━━━ DATASET ━━━

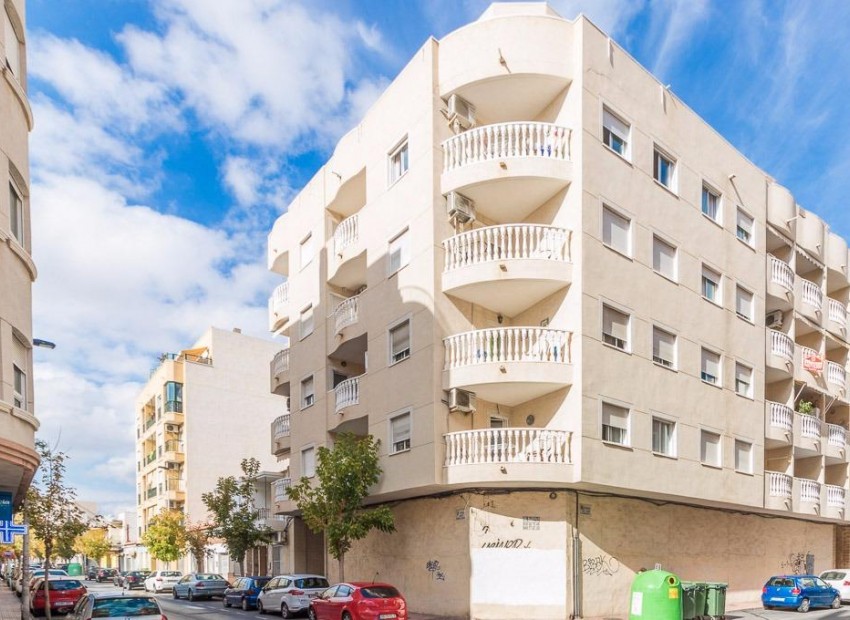 Resale - Wohnung -
Torrevieja - Centro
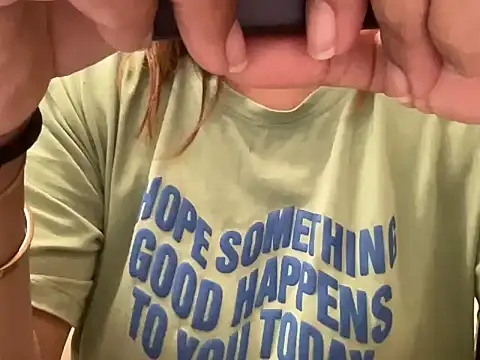 Snapshot of sassypooja chatting on February 24, 2025, 3:42 pm sassypooja online show from February 24, 2025, 3:42 pm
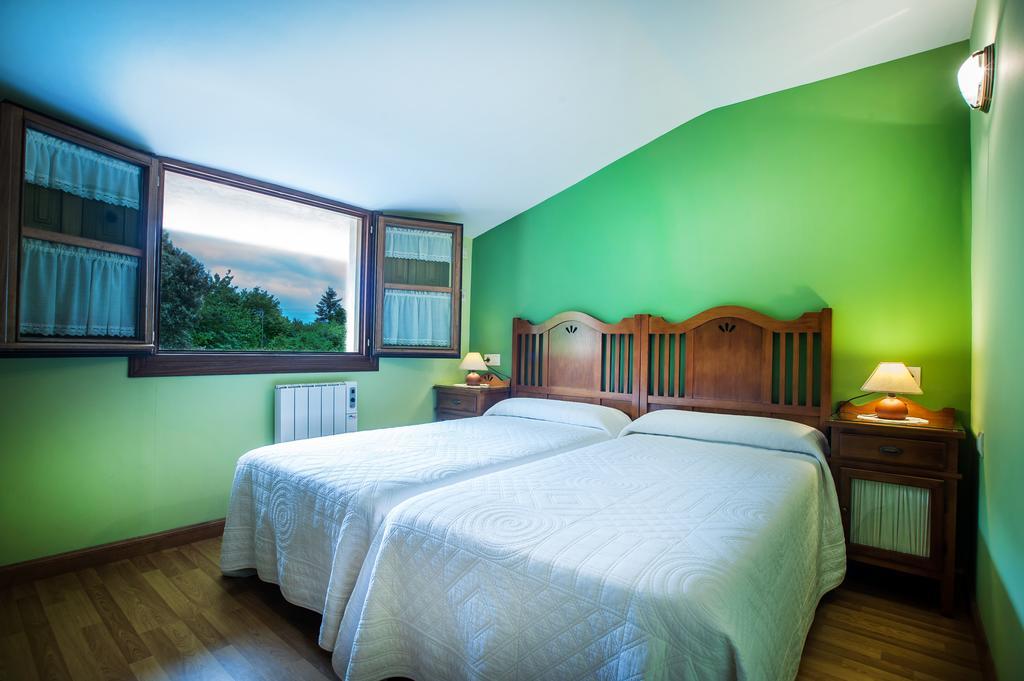 Apartamentos El Pradon De Santa Marina Parres de Llanes Zimmer foto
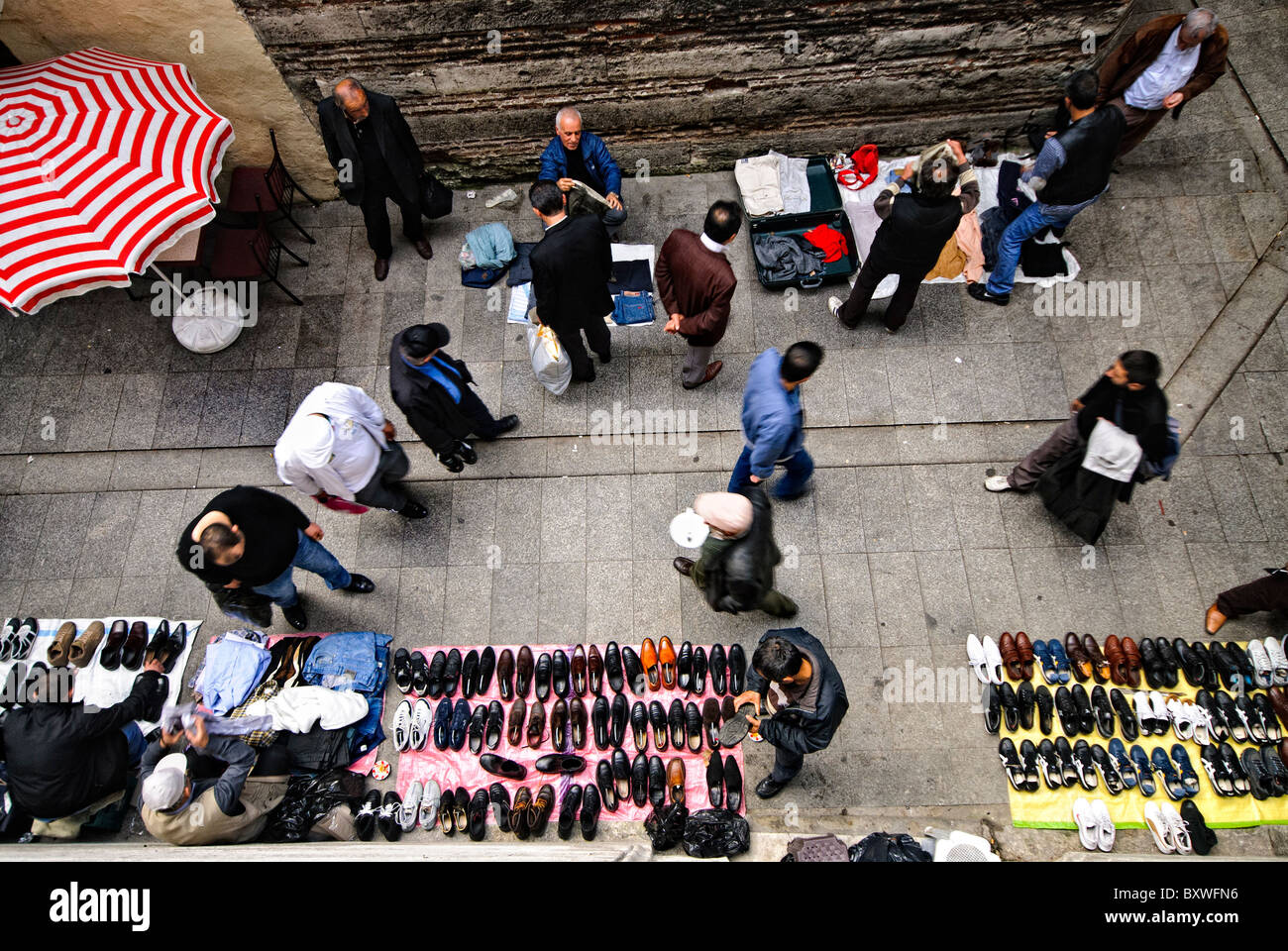 ISTANBUL, Turquie / Türkiye — photo aérienne de vendeurs de rue vendant des chaussures et d'autres articles à côté de la mosquée Rüstem Pacha dans le centre-ville d'Istanbul, Turquie. Banque D'Images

━━━

→ **YOUR GOAL**: For this copy, leave pictures out and reproduce the lines from the one bearing "Torrevieja - Centro" through the final line of the listing above, both ends included.

→ **RESPONSE TO THIS EXERCISE**:
Torrevieja - Centro
 Snapshot of sassypooja chatting on February 24, 2025, 3:42 pm sassypooja online show from February 24, 2025, 3:42 pm
 Apartamentos El Pradon De Santa Marina Parres de Llanes Zimmer foto
 ISTANBUL, Turquie / Türkiye — photo aérienne de vendeurs de rue vendant des chaussures et d'autres articles à côté de la mosquée Rüstem Pacha dans le centre-ville d'Istanbul, Turquie. Banque D'Images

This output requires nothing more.